Daneben muss die Region jederzeit mit einem erneuten Überfall der Türkei rechnen, die die Region im letzten Monat mit einem Drohnenkrieg überzog. Im ersten Halbjahr 2023 wurden insgesamt 73 Menschen, darunter 20 Zivilisten, Opfer türkischer Drohnenangriffe. Der türkische Staatspräsident Erdogan droht immer wieder mit einer erneuten Invasion in die Region.
Zerstörte zivile Infrastruktur und die Wasserkrise
Die Türkei greift auch immer wieder gezielt die zivile Infrastruktur in der Region an. In den vergangenen Monaten wurden Elektrizitätswerke, Wassermühlen, Weizen sowie Saatsilos, Wasserpumpen, Gas- und Ölfelder angegriffen.
Nun wurde auch erneut das Wasser für die Region um al-Hassaka abgestellt. Die Trinkwasserversorgung für die mehr als eine Million Menschen in der Region wird vor allem durch die Wasserstation Alouk bei der Stadt Serê Kanîyê (arab. Ras al-Ain) an der türkischen Grenze gewährleistet. Doch seitdem die Türkei die Stadt und damit auch die Wasserstation im Zuge einer Militärinvasion seit 2019 besetzt hält, kommt es immer wieder zur Verringerung oder gänzlichen Abstellung der Wasserzufuhr in die Region.

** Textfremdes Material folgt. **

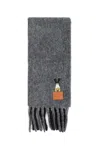 Loewe Scarf In Alpaca And Wool Blend In Gray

Laut Angaben der Trinkwasserbehörde der AANES wurde seitdem mehr als 40 Mal das Wasser abgestellt. Beim letzten Mal für mehr als 8 Monate. In der Region wurde aufgrund der akuten Wasserkrise der Katastrophenalarm ausgerufen.
Die Region beklagt seit langem, dass die Türkei kontinuierlich Wasser als Waffe einsetzt. Nicht nur an der Wasserstation bei Alouk wird die Wasserzufuhr blockiert, sondern auch bei den Flüssen, die über die Türkei nach Syrien fließen. Der Nebenfluss Chabur des Euphrats ist in Nordsyrien dadurch fast vollständig ausgetrocknet worden.
Die humanitäre Krise in Nord- und Ostsyrien verschlimmert sich stetig, was vor allem an der türkischen, konventionellen und unkonventionellen Kriegsführung liegt. Dennoch erreicht die Region kaum Hilfe. Die Großmächte der Welt ignorieren diesen Teil Syriens mit seinen über fünf Millionen Menschen, wenn sie über das Leid in Syrien sprechen. Der Vorgang im UN-Sicherheitsrat hat erneut bewiesen, dass politische Interessen der Großmächte wichtiger sind, als die dringend benötigte Hilfe für die leidtragenden Menschen im Land. Das internationale Großkonzert der Mächte ist am Leid der Menschen in Syrien, insbesondere in Nord- und Ostsyrien, nicht interessiert, obwohl sich die Situation hier zuspitzt. Wenn die Welt eine weitere humanitäre Katastrophe verhindern will, muss sie schnell handeln und Lösungen finden. Die Auswirkungen wären katastrophal. Nicht nur Flucht und Hunger, sondern auch das Aufflammen von IS-Terror ist möglich, wenn nicht schnell dagegen gelenkt wird.